── Input material ──
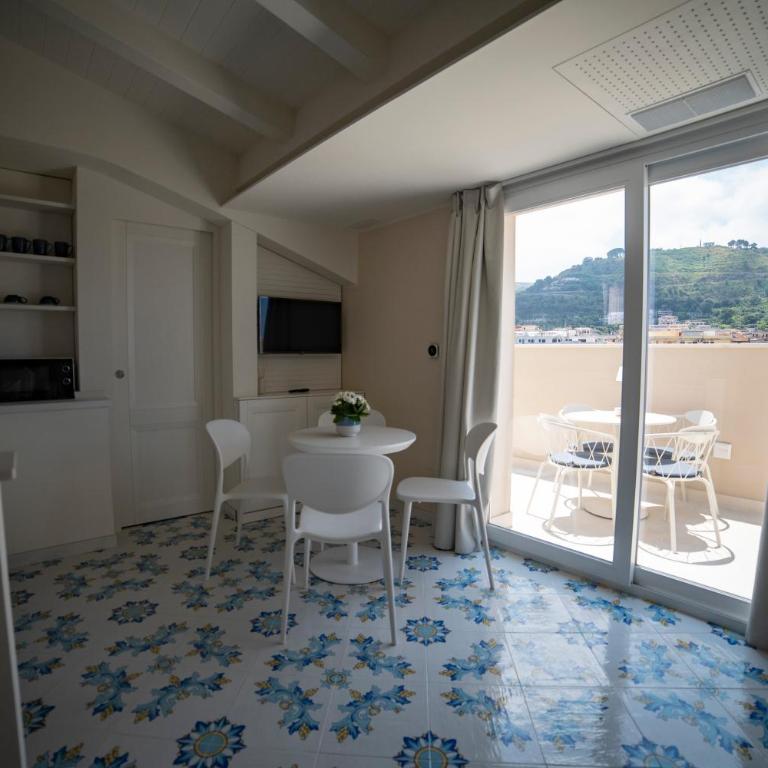 Adesi 15 Tropea - Suites de Charme - Suite Standard - 4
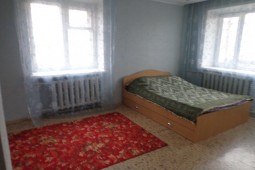 Однокомнатная квартира посуточно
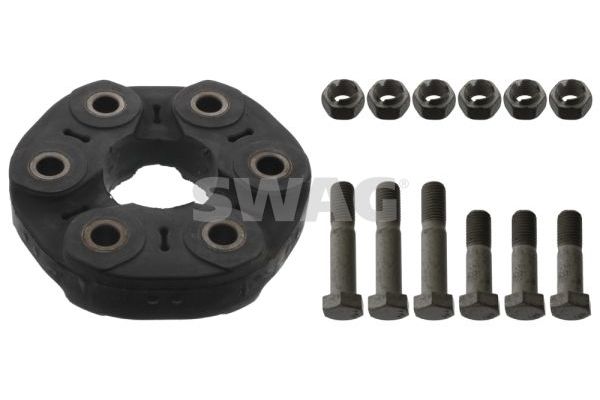 Şaft Kaplini  SWAG 20 94 3488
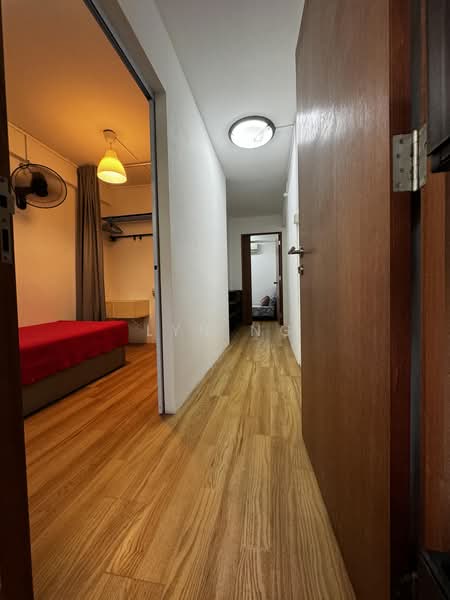 ❤️For Rent❤️Fully furnished & renovated 2 bedroom apartment @ Tampines, Tampines MRT,Tampines Hub, Tampines Street 41, 2 Bedrooms, 467 sqft, HDB Flat For Rent, by Lyn Huang (可欣), 25231549 - PropertyGuru.com.sg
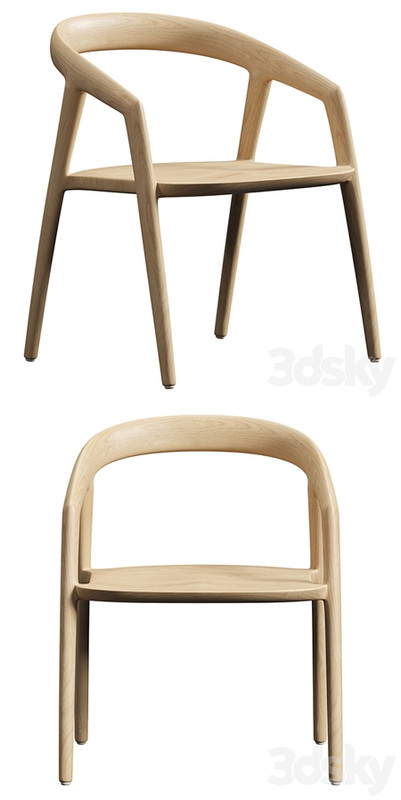 Maki Dining Chair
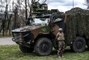 L’armée française accélère la préparation de ses soldats à un conflit de haute intensité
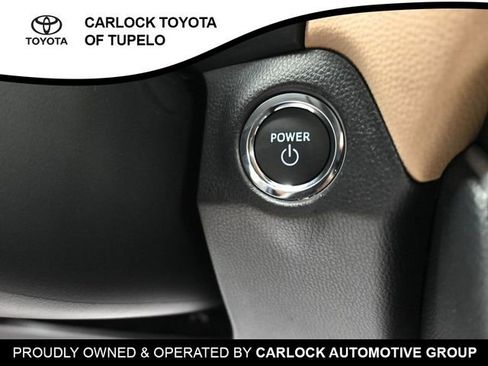 Used 2025 Toyota RAV4 Limited image 16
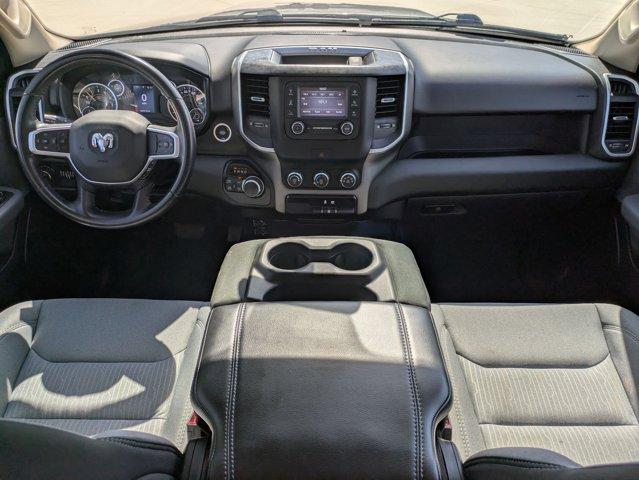 2019 Ram 1500 Vehicle Photo in SELMA, TX 78154-1460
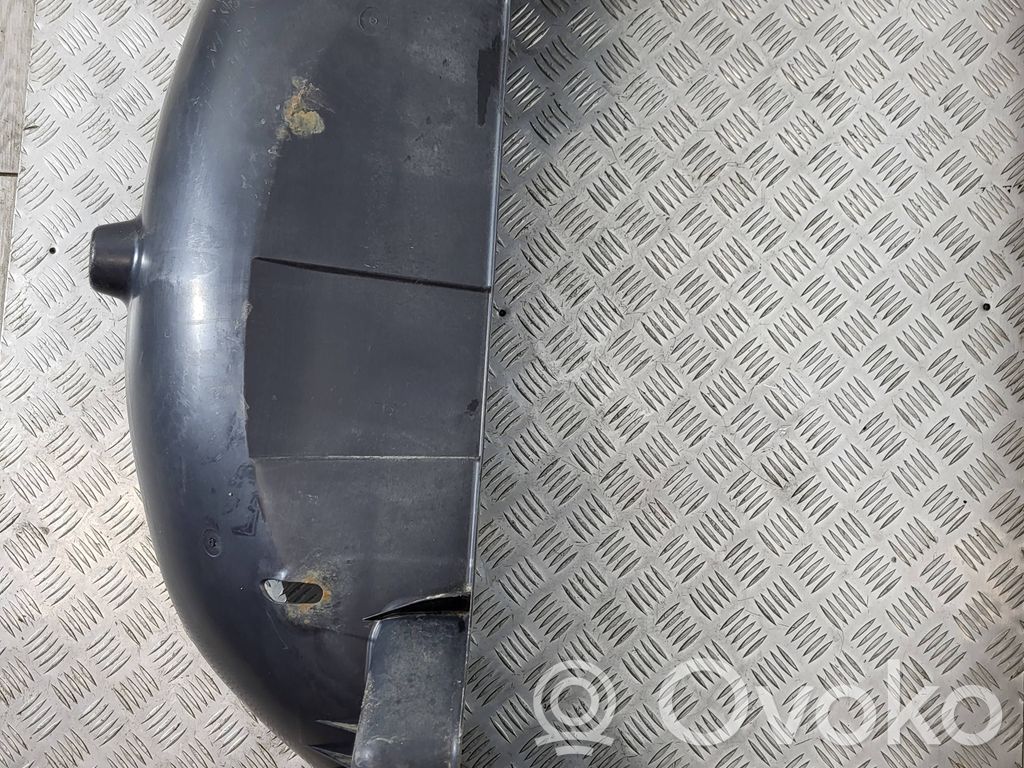 Volkswagen Amarok Nadkole tylne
───
Each line from the one containing "Used 2025 Toyota RAV4 Limited image 16" through the end of the listing is to be set down exactly, with all pictures left out.

— Problem solution —
 Used 2025 Toyota RAV4 Limited image 16
 2019 Ram 1500 Vehicle Photo in SELMA, TX 78154-1460
 Volkswagen Amarok Nadkole tylne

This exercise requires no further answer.